Julien Nioche | 1 Jul 10:53 2004

Re: Optimizing for long queries? >> 40% faster by changing INDEX_INTERVAL

I got a little bit deeper in my experiments with INDEX_INTERVAL. In a
previous mail to the user list I reported a 10% improvement over the regular
setting (128) with one of my application.
I refined the measures by taking the time spent not in the whole
application, but in a method that encapsulates Lucene searches. Only the
search time is measured, not the access to the Documents.

Two sets of queries are generated using a log of user queries from our
application. Theses queries are in natural language and are expanded by our
product into a Lucene boolean query. Attached is the boolean generated for
the query "Burgundy wine" - just to give you an idea of what I mean by large
query (this one is particularly big).

These queries are used on an optimized index (INDEX_INTERVAL=16) and a
regular index.
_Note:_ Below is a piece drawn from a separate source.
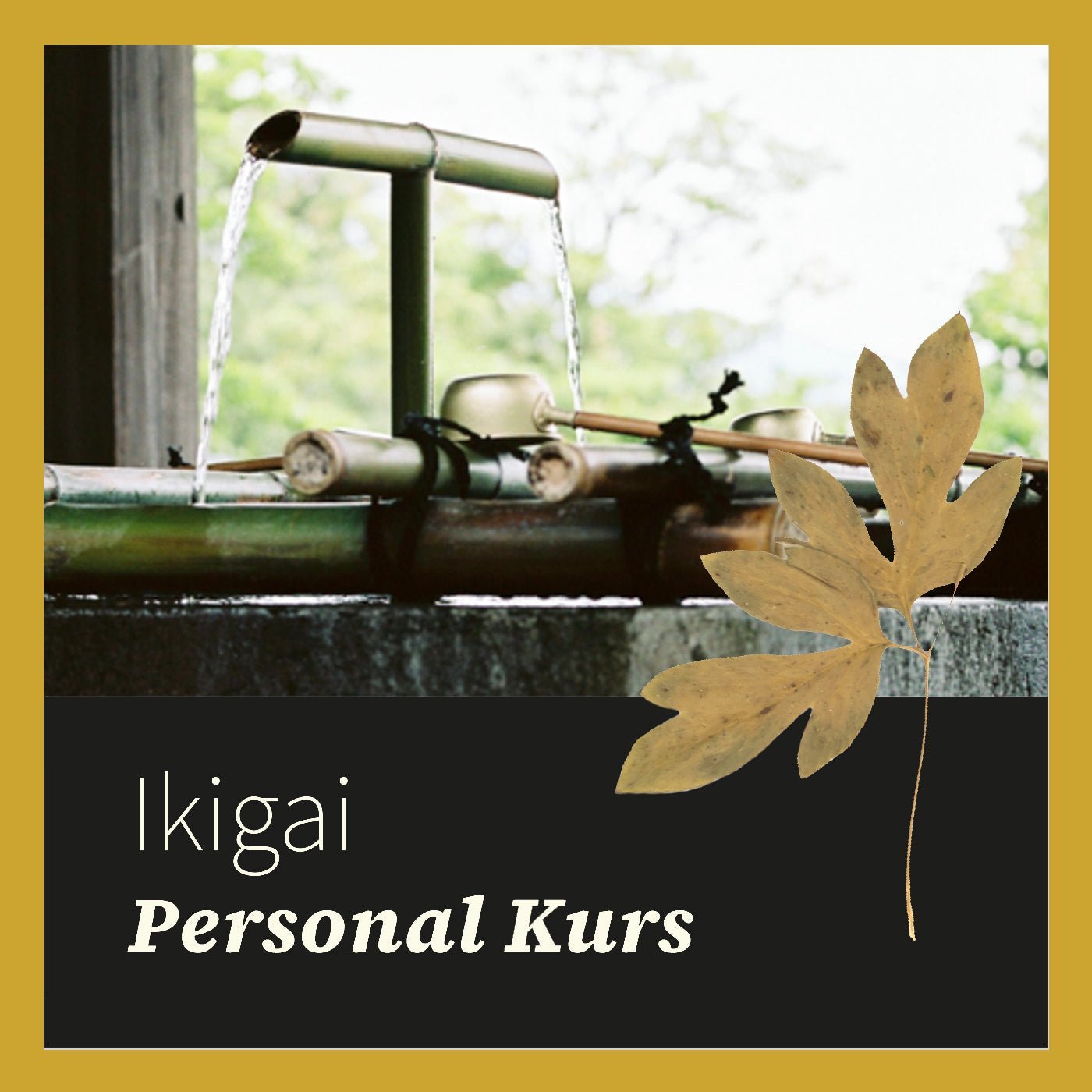 Ikigai Live Kurs – Personal – 27. September 2024 - Finde - Zukunft Shop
The index used for this test is 720 MB - FSDirectory on
Fedora 1 the .tii file is 3398 Kb in the modified version against 488Kb in
the original. Both sets of queries have the same size (783). The xls file
contains the times for both indexes sorted by decreasing order. Actually the
numbers indicates not a single search but a group of up to 4 searches.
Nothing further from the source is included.